Le livre de Philippe Sarfati s’ouvre sur une photo de la célèbre piscine des Marées de Porto, d’Alvaro Siza. La photo en noir et blanc est assez sombre, la roche rose de Matosinhos et les murets de béton tirent vers l’anthracite. À gauche, allongée et la tête masquée par un rocher au premier plan, une femme prend le soleil. Son maillot deux-pièces immaculé tranche avec le reste de la composition. Comment ? Une personne vivante sur une photographie d’architecture ? Philippe Sarfati est architecte de formation. Après ses études à l’école de Paris-Val de Seine, il travaille pour MVRDV à Rotterdam et Clément Blanchet à Paris. Dès 2017, il se lance dans la photographie en couvrant des évènements politiques puis en réalisant des reportages sur la vie pendant le confinement. On retrouve déjà dans ses premiers travaux le côté revendicatif et l’appropriation de l’espace en tant que sujet principal. Cela fait maintenant sept ans que Philippe Sarfati voyage aux quatre coins du monde. Dans un style revendiqué de photographe de rue, il immortalise pour chaque destination les bâtiments les plus célèbres qu’il visite dans leur plus simple appareil : celui de l’usage quotidien. Dans ce recueil de voyages, on trouve évidemment de l’architecture mais aussi la harangue d’un maraîcher territorial à Rotterdam, l’émerveillement d’une petite fille et de sa sœur sur le vieux port de Marseille, un arroseur photographié à Kanazawa, des mariés blasés à Anvers et des étudiants fatigués à Zurich. Philippe Sarfati dresse le portrait des architectures qu’il a croisées au travers de l’usage qu’en font les gens. Chaque page révèle un bâtiment, l’œuvre d’un architecte, souvent un grand nom. Sur l’image, des anonymes en font un lieu vivant.
Le photographe a coorganisé cet automne avec la conceptrice en communication Miruna Duru une exposition à l’Institut néerlandais de Paris. La scénographie, minimale, jurait presque avec le faste des moulures de l’hôtel particulier. Une sélection de photos était simplement placardée sur des panneaux de polycarbonate crochetés à une dizaine d’étais de chantier. Malin, ce système presque bricolé permettait à l’espace d’exposition de se transformer en espace de conférence en accrochant les cimaises plus haut sur l’étai. L’exposition a d’ailleurs donné lieu à trois tables rondes lors desquelles photographes et architectes ont été invités à discuter de leurs positions sur la représentation de l’architecture.
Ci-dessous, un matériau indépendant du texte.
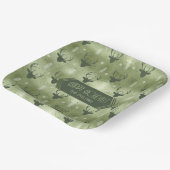 Deer Antlers Arrows Kerstpatroon Green ID861 Papieren Bordje (Gebogen)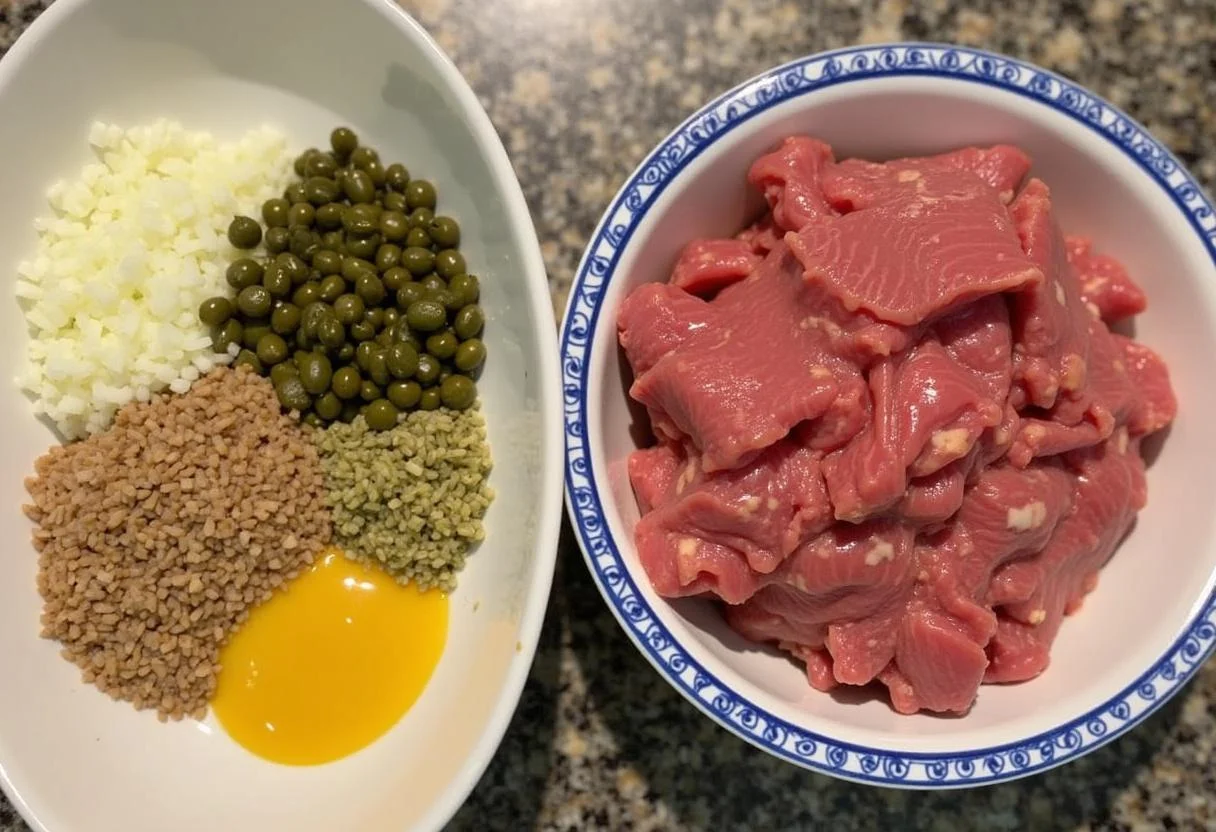 Échalotes hachées, câpres et moutarde de Dijon prêtes à être mélangées au Steak Tartare.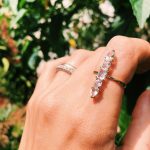 Anel fileira topázios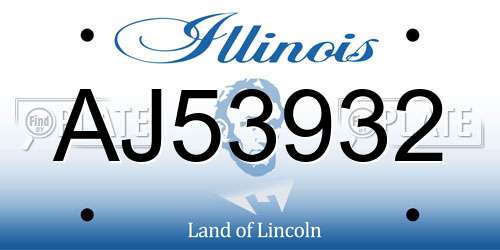 AJ53932 Illinois License Plate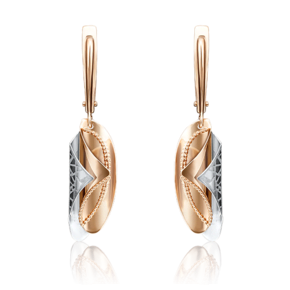 Серьги с английским замком из комбинированного золота 02-4123-00-000-1111-48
Pourquoi l’image phare d’un bâtiment est-elle généralement vide de ses usagers ? De quoi les architectes ont-ils peur lorsqu’ils commandent un shooting inerte, sans vie, à l’instant de la livraison, avant que les usagers aient pu s’emparer du lieu ? L’architecture n’est-elle pas destinée à être habitée, vivante ?
L’image rendue est parfois imparfaite, floue. En noir et blanc, elle témoigne des moments qui naissent dans ces lieux, un retour d’expérience anonyme sur ces grands projets emblématiques et sur la façon dont les gens s’approprient l’œuvre des architectes. Des images vivantes à rebours de l’hyperréalité lisse et froide qui est devenue la norme des shootings commandés dès la livraison des bâtiments. Territories est l’aboutissement touchant d’une étape du parcours de ce jeune photographe prometteur.